NEW YORK (GenomeWeb) – Researchers have unearthed genetic correlations between personality traits and psychiatric disorders, according to a new study.
A team led by the University of California, San Diego's Chi-Hua Chen conducted a meta-analysis of genome-wide association studies that examined personality traits. Under the five-factor model of personality, there are five personality dimensions: extroversion, neuroticism, agreeableness, openness, and conscientiousness. Previous work, the researchers noted, has indicated that about 40 percent of variance in personality may be genetic.
As Chen and her colleagues reported in Nature Genetics today, they linked six genetic loci to these personality traits and examined their genetic ties to a handful of psychiatric disorders. They found, for instance, a high correlation between openness and schizophrenia and between extraversion and attention-deficit hyperactivity disorder.
"Researchers are only beginning to understand the genetics of personality and their relation to psychiatric disorders," they wrote in their paper.
The researchers drew on data collected by the consumer genomics firm 23andMe from 59,225 customers who completed a personality inventory. They also analyzed two datasets from the Genetics of Personality Consortium — one of 17,375 people that included data on agreeableness, conscientiousness, and openness, and one of 63,661 people that included data on extraversion and neuroticism. All participants were of European ancestry.
After combining the GWAS summary statistics, the investigators connected eight SNPs to personality traits, six of which they confirmed in three independent cohorts.
According to Chen and her colleagues, the strongest association they uncovered was between neuroticism and a region of 8p23.1, a four-megabase expanse that includes genes involved in innate immunity, the nervous system, cancer, and developmental neuropsychiatric disorders. The researchers noted that studies from the UK Biobank also identified a link between an inversion in this region and neuroticism.
At the same time, Chen and her colleagues uncovered an association between extraversion and a locus on 12q23.3 in WSCD2, which has been linked to temperament in bipolar disorder, as well as an association between extraversion and a SNP near PCDH15, which encodes a cadherin superfamily member.
All six of the SNPs the researchers identified fall in regions that have been linked to other phenotypes, including ones related to psychiatric disorders.

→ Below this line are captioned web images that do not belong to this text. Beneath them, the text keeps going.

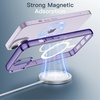 image:imageJETech Magnetic Case for iPhone 14 Clear  Compatible with MagSafe Shockproof Phone Bumper Cover Scratch Resistant Clear BackDeep Purple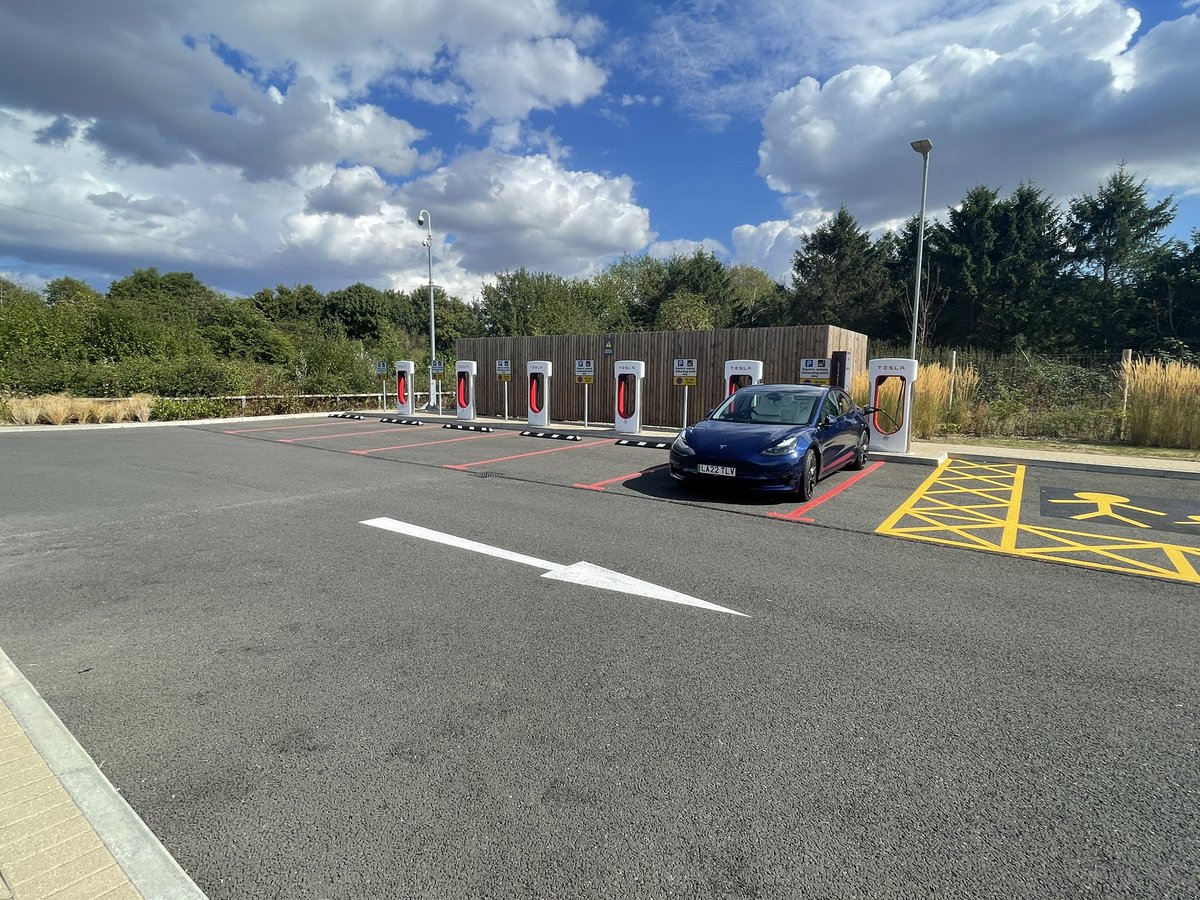 Visiting the future. It’s very nice here. @ElecHighway A nice way to celebrate the first week of new ownership! <a href="/TeslaOwnersUK/">Tesla Owners UK 🇬🇧</a> 🥰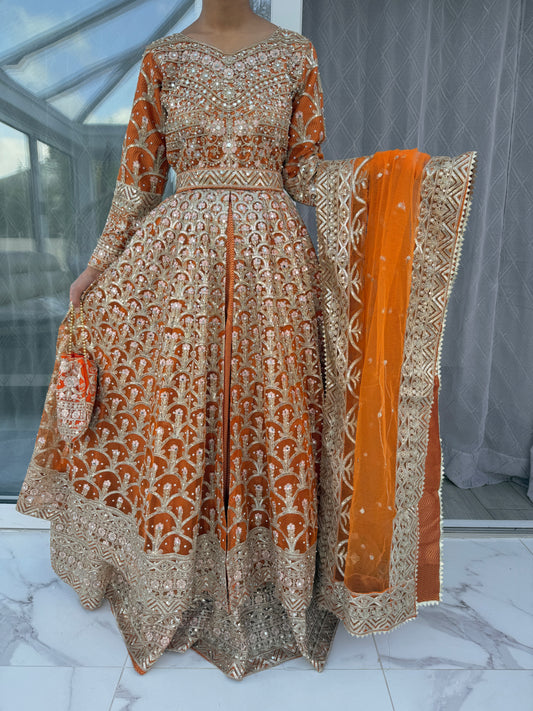 SIYANA - Embroidered net maxi dress with lengha skirt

For instance, they linked neuroticism to a variant in L3MBTL2, a gene that had previously been associated with schizophrenia. In addition, they linked extraversion to a variant in MTMR9, which has also been associated with response to antipsychotic medications.

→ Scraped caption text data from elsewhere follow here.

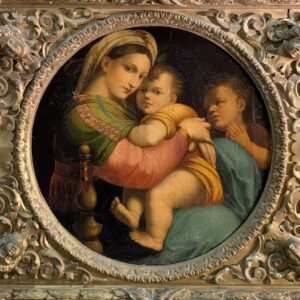 Spectacular Very Large Antique 19th Century Painting after Raphael's Madonna and Child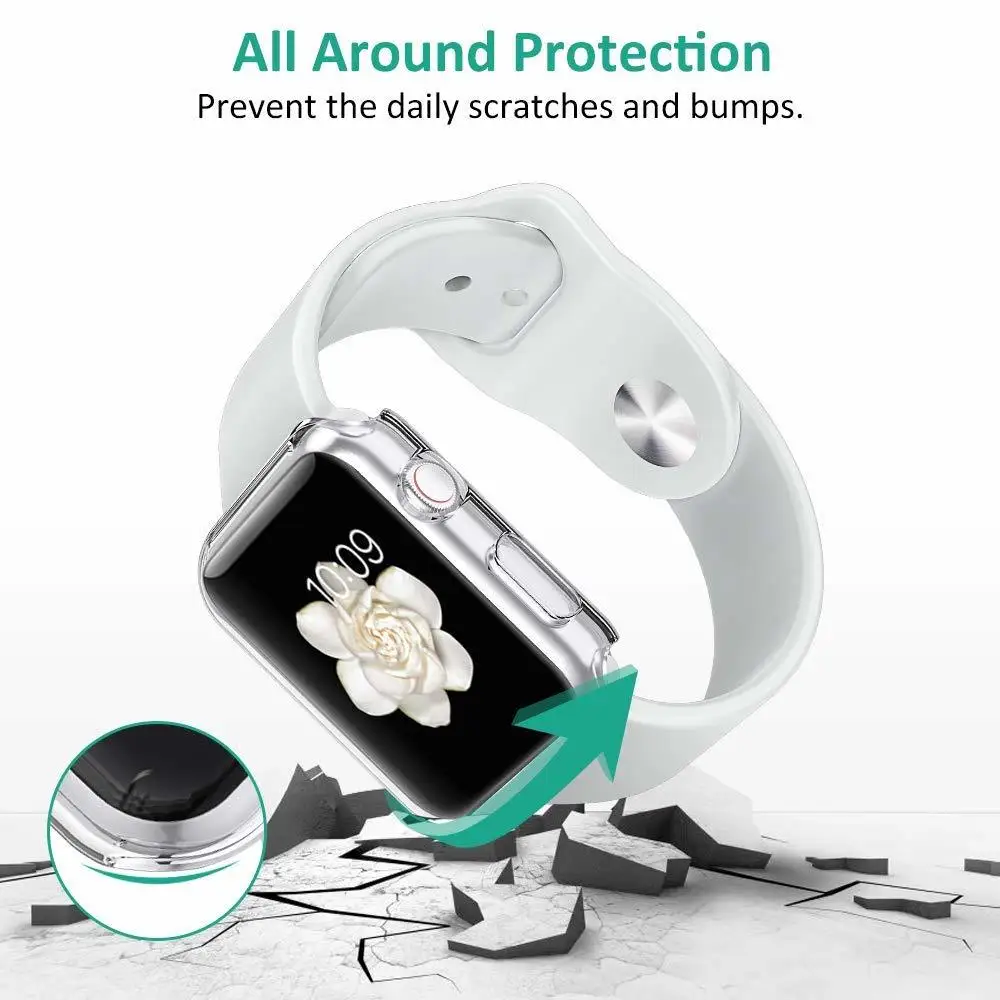 TPU прозрачный защитный чехол для часов Apple Watch 40 мм 44 мм серия 4, чехол для умных часов Apple Watch Series 5 44 мм 40 мм
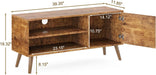 Rustic Wood TV Stand with Storage, Mid-Century Style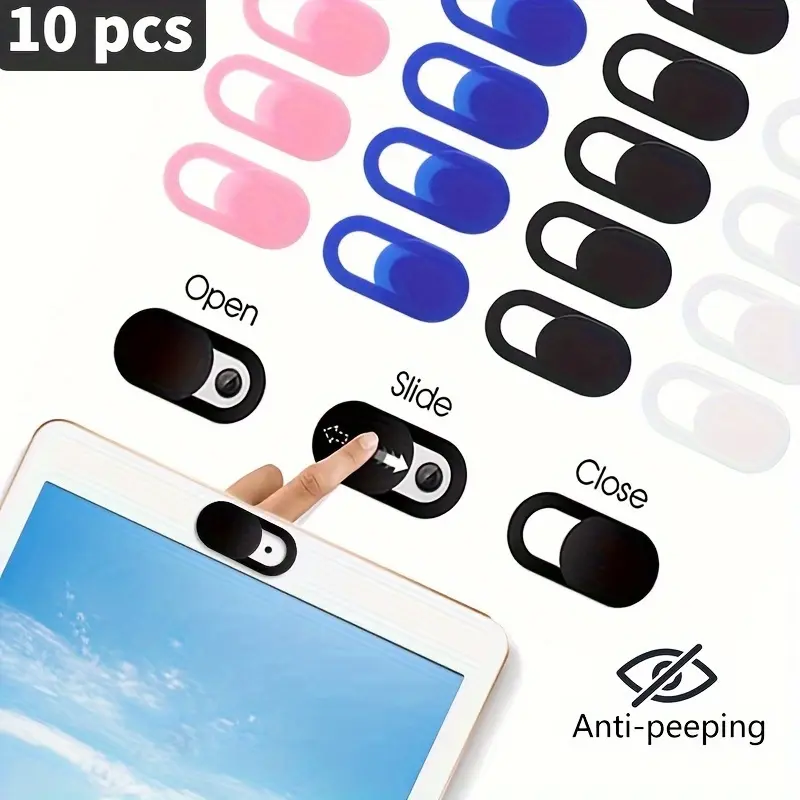 10-Pack Sliding Privacy Covers for Tablets, Phones, and Laptops, Anti-Spy Design, Battery-Free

In a pairwise analysis, the researchers examined the genetic correlations between the five personality traits and six psychiatric disorders, using data from the Psychiatric Genomics Consortium on schizophrenia, bipolar disorder, major depressive disorder, ADHD, and autism spectrum disorder, and data from the Genetic Consortium for Anorexia Nervosa.
This, they reported, uncovered numerous ties between personality traits and psychiatric disorders. For example, they noted that neuroticism was highly correlated with depression, while extraversion was linked with ADHD.
Through a principal components analysis, Chen and her colleagues found that openness, bipolar disorder, and schizophrenia cluster together. All three, the researchers noted, have been linked to increased creativity and dopamine activity. Likewise, conscientiousness, agreeableness, and extraversion clustered together, while neuroticism and depression formed their own grouping.
ADHD exhibited a high correlation with extraversion and low correlation with the other psychiatric disorders, save bipolar disorder, the researchers noted. This could suggest that ADHD or some subtypes of ADHD may be a variant of extraversion.
"These findings provide additional support for shared genetic influences between personality traits and psychiatric disorders and for the idea that personality traits and psychiatric disorders exist on a continuum in phenotypic and genomic space," the authors wrote. "Maladaptive or extreme variants of personality may contribute to the persistence of, or vulnerability to, psychiatric disorders and comorbidity."